We decided our goal for this project would be to level up local non-profits and helping them become more technologically advanced allowing them to more effectively work on completing their missions, to make the world a better place. Also giving the opportunity for other organizations to post challenges, creating opportunities for beginner developers to gain experience.
With Stratus, if an organization has a problem that a developer could solve, they post a challenge on our site, next a Developer would come along and create a project under that challenge. They would then work as a team with other contributing developers to create a production grade app, that helps the organization tackle the problem they need solving. The projects will have a built in To-do list that the contributors can use to organize the tasks needed to complete the project. A challenge can have multiple projects, which allows developers with different ideas to create different projects, all under the one challenge. The Organizer can then star the project that they end up using, which will reward the developer contributors a badge on their user profile.

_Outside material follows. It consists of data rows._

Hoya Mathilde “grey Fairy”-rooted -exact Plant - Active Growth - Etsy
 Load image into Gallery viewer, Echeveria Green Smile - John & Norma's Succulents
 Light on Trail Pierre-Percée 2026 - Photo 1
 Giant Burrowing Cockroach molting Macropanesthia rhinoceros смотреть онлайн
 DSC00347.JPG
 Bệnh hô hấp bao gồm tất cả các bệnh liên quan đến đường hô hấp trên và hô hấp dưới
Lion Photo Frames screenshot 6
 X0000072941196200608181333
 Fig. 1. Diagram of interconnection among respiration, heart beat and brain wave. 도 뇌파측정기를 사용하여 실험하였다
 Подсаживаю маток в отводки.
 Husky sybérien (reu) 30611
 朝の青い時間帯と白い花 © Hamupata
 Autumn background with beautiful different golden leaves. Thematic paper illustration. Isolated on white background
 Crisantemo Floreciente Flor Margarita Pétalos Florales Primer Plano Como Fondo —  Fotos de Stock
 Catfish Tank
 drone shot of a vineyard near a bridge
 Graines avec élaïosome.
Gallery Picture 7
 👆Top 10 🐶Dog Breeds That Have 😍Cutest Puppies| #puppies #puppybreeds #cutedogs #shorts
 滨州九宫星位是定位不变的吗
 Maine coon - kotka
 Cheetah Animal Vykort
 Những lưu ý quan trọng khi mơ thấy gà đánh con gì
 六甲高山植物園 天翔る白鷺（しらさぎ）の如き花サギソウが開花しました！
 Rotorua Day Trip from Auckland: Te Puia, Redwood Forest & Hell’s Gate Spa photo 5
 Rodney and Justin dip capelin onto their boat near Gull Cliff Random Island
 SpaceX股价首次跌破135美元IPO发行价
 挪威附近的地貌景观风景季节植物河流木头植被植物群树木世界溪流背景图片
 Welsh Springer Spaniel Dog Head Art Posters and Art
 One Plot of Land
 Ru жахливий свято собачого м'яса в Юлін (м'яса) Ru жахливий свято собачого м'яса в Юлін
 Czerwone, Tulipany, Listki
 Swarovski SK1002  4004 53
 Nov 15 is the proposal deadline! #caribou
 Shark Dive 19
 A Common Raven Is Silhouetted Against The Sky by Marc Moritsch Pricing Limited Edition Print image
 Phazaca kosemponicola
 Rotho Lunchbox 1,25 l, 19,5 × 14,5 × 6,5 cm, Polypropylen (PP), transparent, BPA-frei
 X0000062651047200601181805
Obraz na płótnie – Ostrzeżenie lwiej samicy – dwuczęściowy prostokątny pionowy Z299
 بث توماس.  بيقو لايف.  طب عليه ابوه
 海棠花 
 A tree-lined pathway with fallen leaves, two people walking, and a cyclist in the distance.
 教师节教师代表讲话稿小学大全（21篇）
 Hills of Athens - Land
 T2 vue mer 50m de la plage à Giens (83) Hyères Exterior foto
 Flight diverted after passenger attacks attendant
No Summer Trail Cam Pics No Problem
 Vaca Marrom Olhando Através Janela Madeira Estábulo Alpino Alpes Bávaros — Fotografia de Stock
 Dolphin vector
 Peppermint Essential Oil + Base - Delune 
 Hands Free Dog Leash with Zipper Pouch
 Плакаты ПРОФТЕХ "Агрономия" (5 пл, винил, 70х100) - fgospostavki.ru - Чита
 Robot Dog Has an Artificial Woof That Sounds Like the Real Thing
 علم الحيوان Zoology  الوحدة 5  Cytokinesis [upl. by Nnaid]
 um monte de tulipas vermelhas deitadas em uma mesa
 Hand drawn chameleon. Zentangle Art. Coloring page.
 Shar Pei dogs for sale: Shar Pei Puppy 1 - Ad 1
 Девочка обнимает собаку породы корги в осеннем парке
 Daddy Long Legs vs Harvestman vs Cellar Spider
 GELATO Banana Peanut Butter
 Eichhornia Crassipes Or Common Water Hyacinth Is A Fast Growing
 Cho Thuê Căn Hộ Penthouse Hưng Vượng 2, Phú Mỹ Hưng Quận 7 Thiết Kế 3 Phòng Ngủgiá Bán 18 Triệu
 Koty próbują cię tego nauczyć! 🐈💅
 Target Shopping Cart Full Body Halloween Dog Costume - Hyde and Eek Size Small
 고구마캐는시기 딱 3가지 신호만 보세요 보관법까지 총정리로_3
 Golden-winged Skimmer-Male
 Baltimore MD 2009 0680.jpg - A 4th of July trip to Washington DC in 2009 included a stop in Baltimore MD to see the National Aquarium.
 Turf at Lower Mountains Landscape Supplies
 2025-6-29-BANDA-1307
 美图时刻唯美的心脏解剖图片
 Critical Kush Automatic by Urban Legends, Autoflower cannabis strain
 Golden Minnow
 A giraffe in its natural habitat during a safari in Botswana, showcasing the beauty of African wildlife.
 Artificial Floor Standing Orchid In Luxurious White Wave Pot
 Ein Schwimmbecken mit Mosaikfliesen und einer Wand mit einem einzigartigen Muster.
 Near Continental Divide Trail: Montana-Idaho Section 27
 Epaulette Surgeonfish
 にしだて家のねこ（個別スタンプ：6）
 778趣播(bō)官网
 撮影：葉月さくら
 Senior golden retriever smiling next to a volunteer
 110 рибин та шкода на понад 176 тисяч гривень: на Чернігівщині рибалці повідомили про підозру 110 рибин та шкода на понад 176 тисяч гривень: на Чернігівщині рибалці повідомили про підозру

In addition to fostering connections between Developers and Organizations, we wanted to make tools that organizers and developers could use to filter down the projects and challenges. We made the tag features so that Organizers could specify the urgency of the challenge, to help developers find the challenges that they can, and want to help, and finally, as a user profile feature so developers can share their interests.
Finally, we wanted to foster a sense of community on our platform, and so we decided to add community maps on the challenge pages. At the end of the day, we wanted to help reassure our developers that they are not alone. So, for each challenge, we made a map that shows a user the concentration of fellow developers who are also working on the challenge.
- Challenge pages where organizations post challenge prompts.
- Project postings where developers can join projects.
- Tasks associated with each project which act as a to-do list for contributing developers.
- Tags act as labels that projects, challenges, and users can associate themselves with to be a part of those communities.
- Badges awarded to developers for completing challenges.
- Community heatmap where developers can see other contributors in their area, fostering a sense of community.
- User profiles that others can view
We worked with the Django Python web framework, HTML and CSS, alongside the Cirrus CSS framework, to build the frontend. The deployment is backed by NGINX and an sqlite database, with both PostgreSQL and MySQL being completely supported alternatives.
While being one of our core features, the contributor heat map was quite a challenge to implement.
We were able to finish this project with close to full functionality, and learned how to work with geojson data when creating the Mapbox API map.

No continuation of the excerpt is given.